Consequently, women's perspectives are missing from many critical
decisions which govern their lives and decide the futures of their
communities.
So CIDA has been working with equality concepts for a long time and
none of this has been easy: it's a crosscutting theme that needs to be
incorporated into our understanding of just about everything. Our policy
says to CIDA staff and partners: Instead of merely targeting women as
recipients of aid, women's, as well as men’s, experiences can and should
inform the design, implementation and evaluation of CIDA's policies,
programs, and projects. And that gender equality is a development issue in
and of itself.
We start from the premise that paying attention to gender equality
issues and looking at our planning with a gender lens improves the quality
of the design, lessens the risks because we know more about the context in
which our investment is undertaken, and increases the potential for
poverty reduction. And we don't do this only because it is a social
justice goal. We do it because it makes hard bottom line sense.
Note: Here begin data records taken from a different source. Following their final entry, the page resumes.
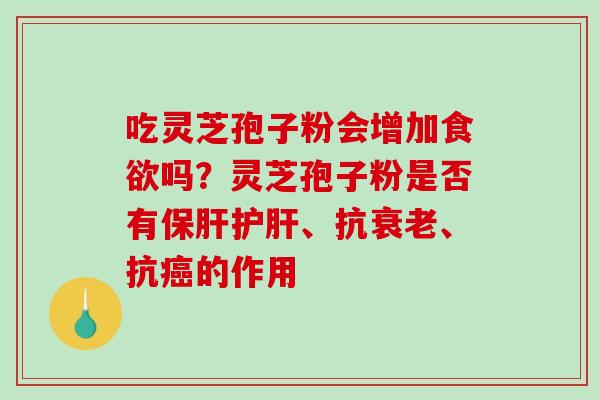 吃灵芝孢子粉会增加吗?灵芝孢子粉是否有、抗、抗的作用 吃灵芝孢子粉会增加吗?灵芝孢子粉是否有、抗、抗的作用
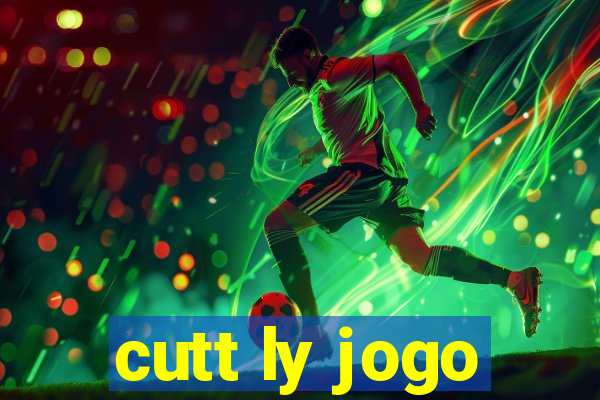 cutt ly jogo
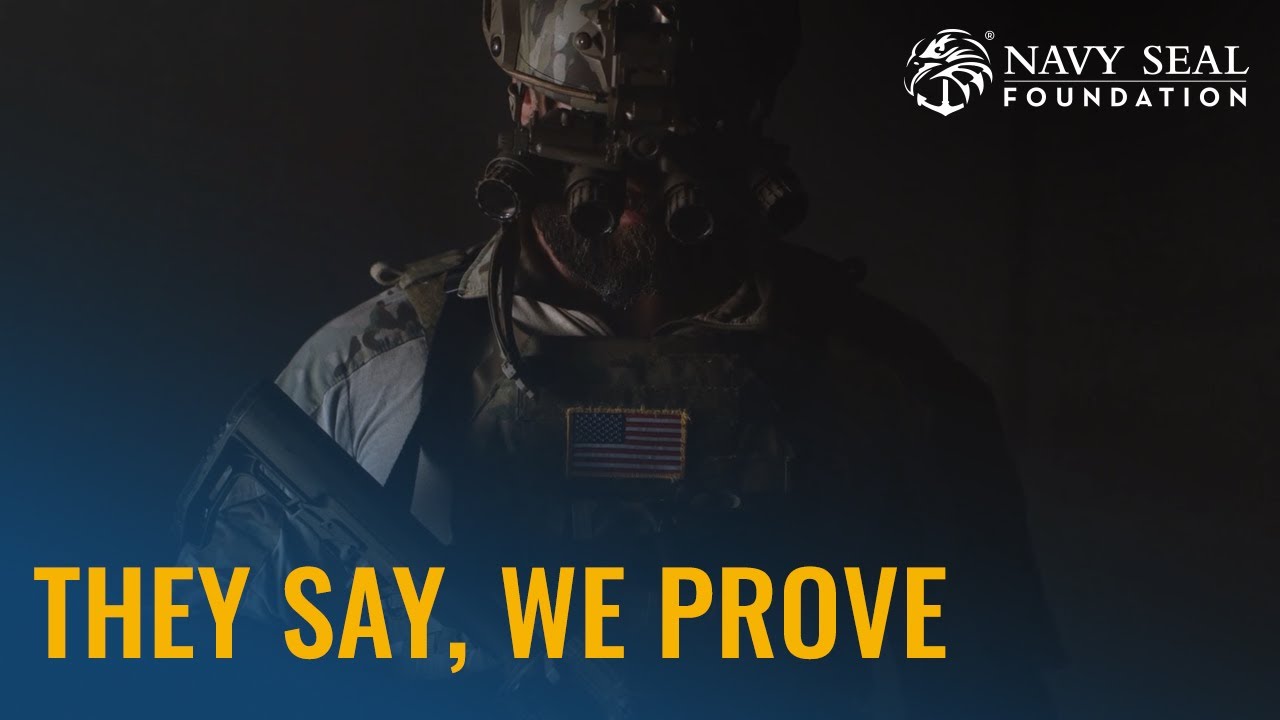 They Say, We Prove - Navy SEAL Foundation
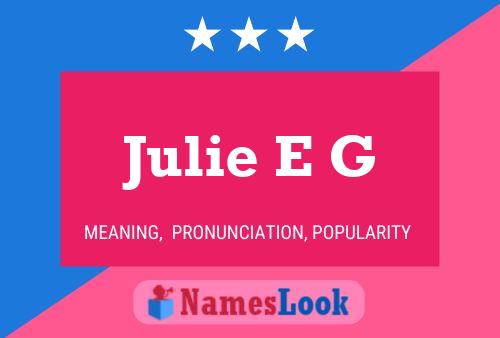 Affiche de nom Julie E G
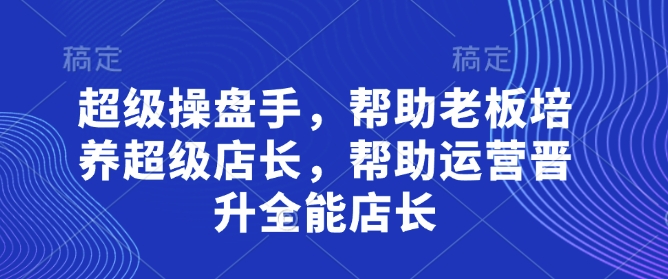 超级操盘手，​帮助老板培养超级店长，帮助运营晋升全能店长-小何资源库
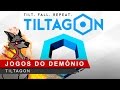 Tiltagon | JOGOS DO DEMÔNIO 11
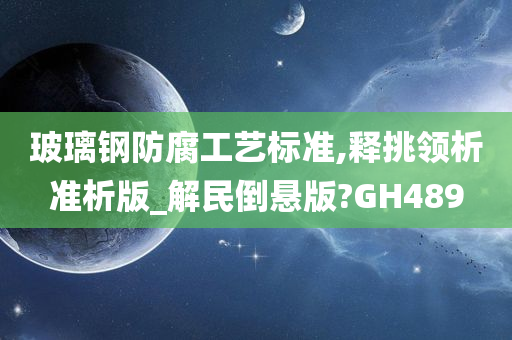 玻璃钢防腐工艺标准,释挑领析准析版_解民倒悬版?GH489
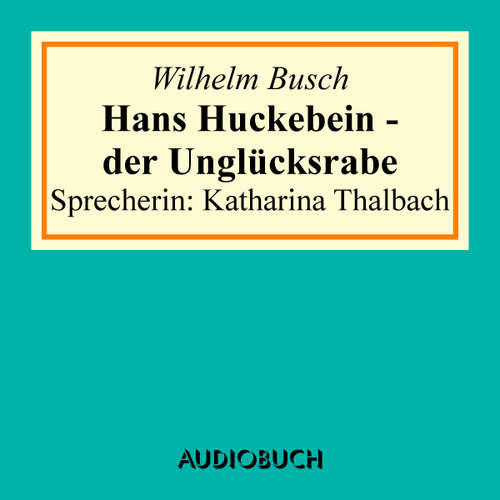 Hoerbuch Hans Huckebein - der Unglücksrabe - Wilhelm Busch - Katharina Thalbach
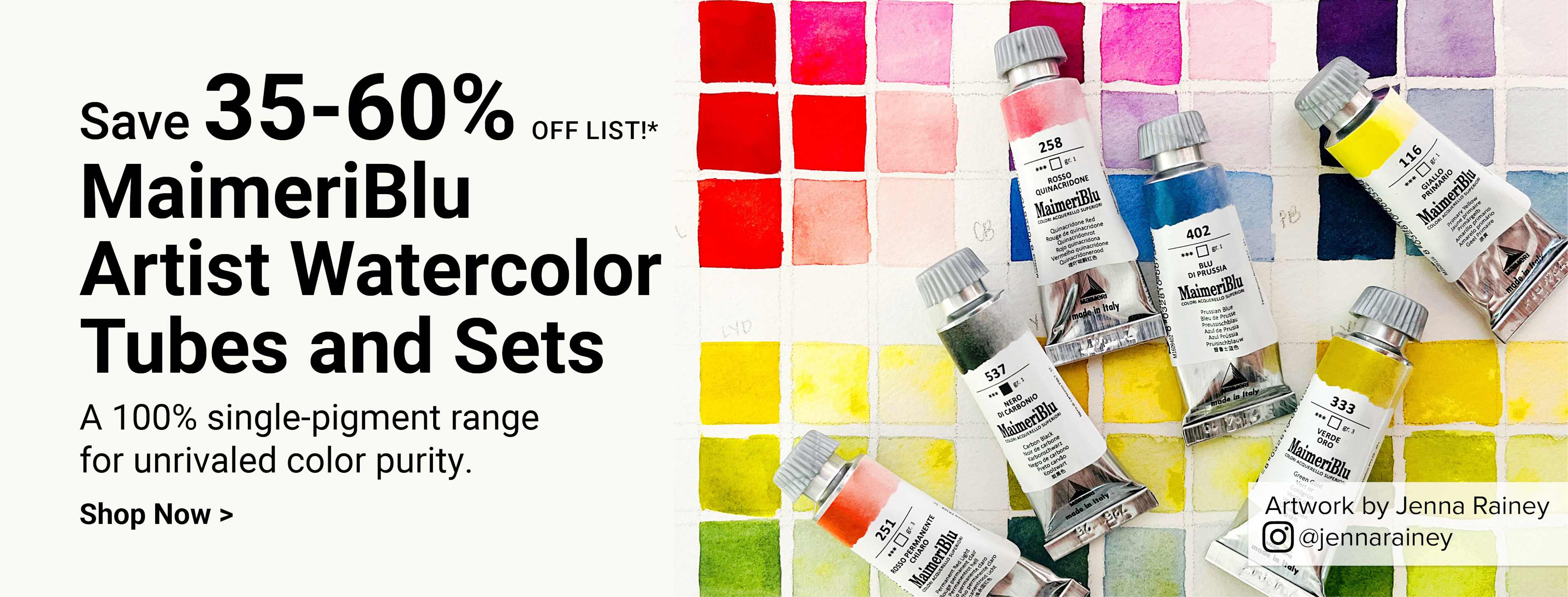 Save 35-60% off list! Maimeri Blu Artist Watercolor Tubes and Sets. A 100% single-pigment range for unrivaled color purity. Shop now.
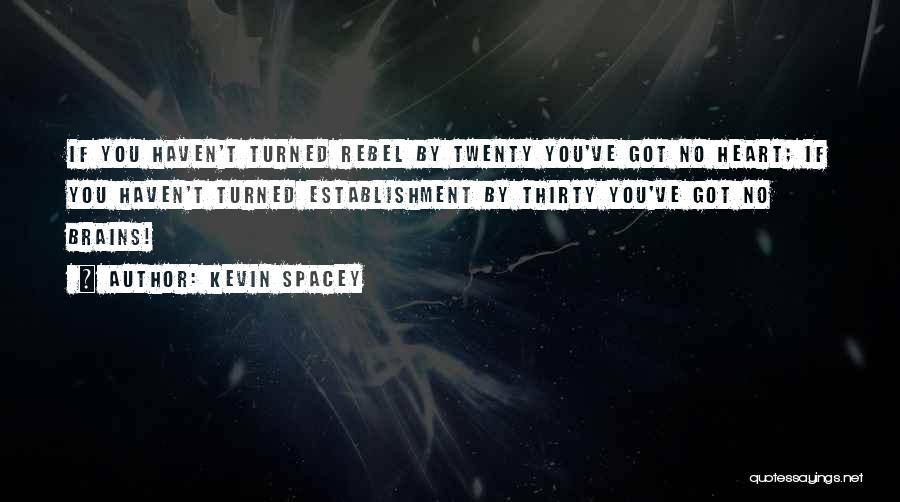 Kevin Spacey Quotes: If You Haven't Turned Rebel By Twenty You've Got No Heart; If You Haven't Turned Establishment By Thirty You've Got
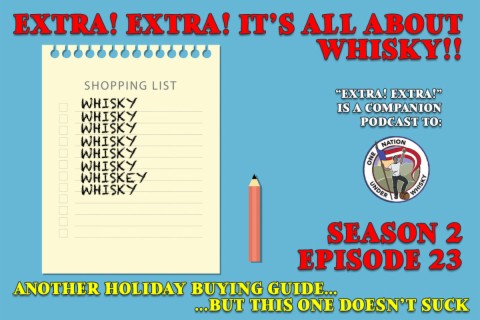Extra! Extra! S2E23 -- Another holiday buying guide for whisky. This one doesn‘t suck.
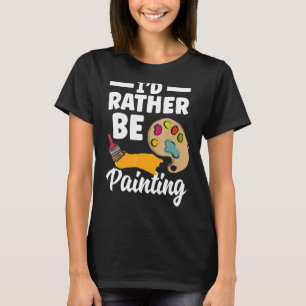T-shirt Je préférerais être peintre peintre peintre peintr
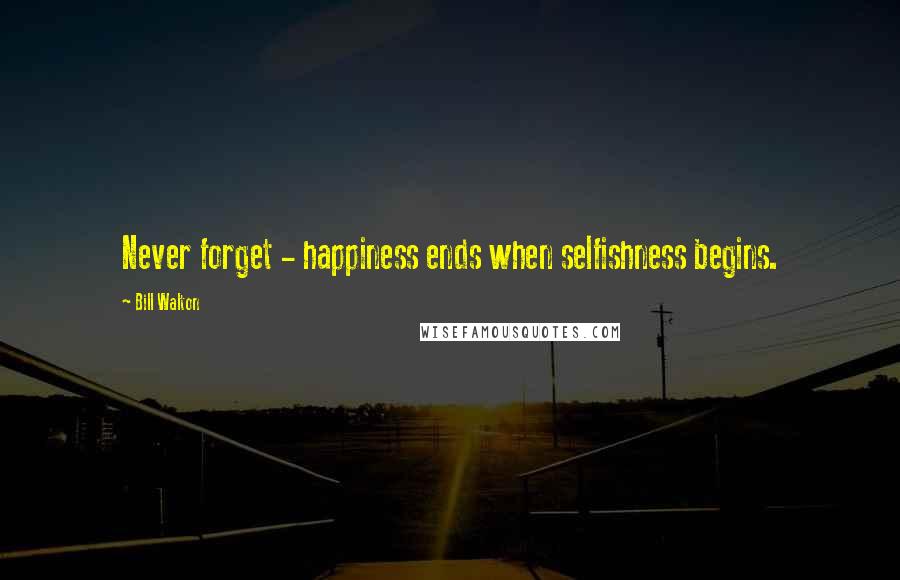 Bill Walton Quotes: Never forget - happiness ends when selfishness begins.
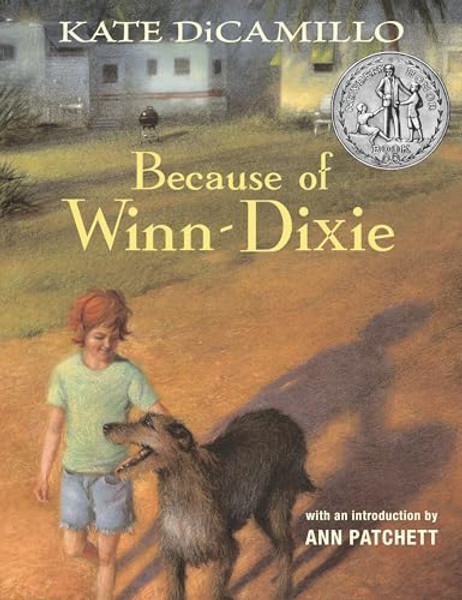 Because of Winn-Dixie Anniversary Edition By Kate DiCamillo - Hardcover Because of Winn-Dixie Anniversary Edition By Kate DiCamillo - Hardcover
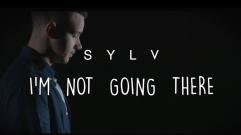 SYLV - I'm Not Going There
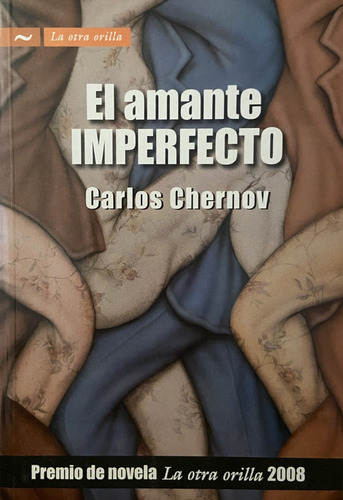El Amante Imperfecto, Carlos Chernov (Reacondicionado)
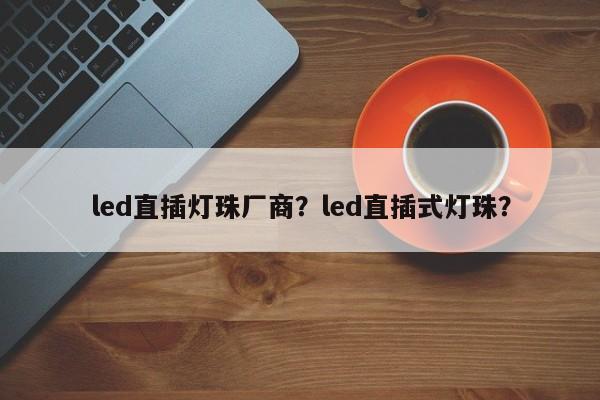 led直插灯珠厂商？led直插式灯珠？-第1张图片-LED灯珠-LED灯珠贴片-LED灯珠厂家台宏光电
Cecilia Valdivieso has outlined for you the findings of the World Bank
"Engendering Development" a policy research report that looked
at gender inequality at the start of the 21st century.
Jim Wolfensohn, President of the Bank, wrote in the Preface "Large
gender disparities in basic human rights, in resources and economic
opportunity, and political voice are pervasive around the world - in spite
of recent gains".
I had one of those AHA moments when I read "Engendering
Development" and matched the World Bank’s 3 issues (basic human
rights, access to resources and economic opportunity, political voice) to
each of the 3 CIDA policy objectives (realization of human rights, access
to and control over resources, and participation in decision-making) that
we had identified in 1998.
A 2001 study by the American Institute for Women's Policy Research
shows that overall American women are more likely to participate in civic
and community activities than men are and that women who feel safe in
their neighbourhoods are 75 percent more likely to play active roles. So
in the US, just as in the rest of the Americas, making women feel safe and
welcome has a dramatically beneficial effect on social engagement and on
community development. But in many countries, gender inequalities and
insecurity limit women's participation in public spaces. To make safe
neighbourhoods where both women and men can speak and act without fear
requires work on peacebuilding, conflict resolution, legislation, police
training, culturally sensitive attitude change management, strengthened
courts, all of which require time, money, and political will.
What are the costs of not making a public space for women's voices?
- there's a cost to the health of democracy
- there's a cost associated with the quality of policy decisions when
only the voices of the powerful or the in crowd are listened to
So whether we’re talking about human rights, resources and economic
opportunity, or political voice, equality issues are in effect key issues
related to democratization, economic growth and growth with equity and the
realization of human rights for all. They relate to the fundamentals of
how we live today and the vision we have for tomorrow. That is why we are
delighted to partner the OAS and the CIM as you embark on a process of
developing the strategies to mainstream gender equality in your work.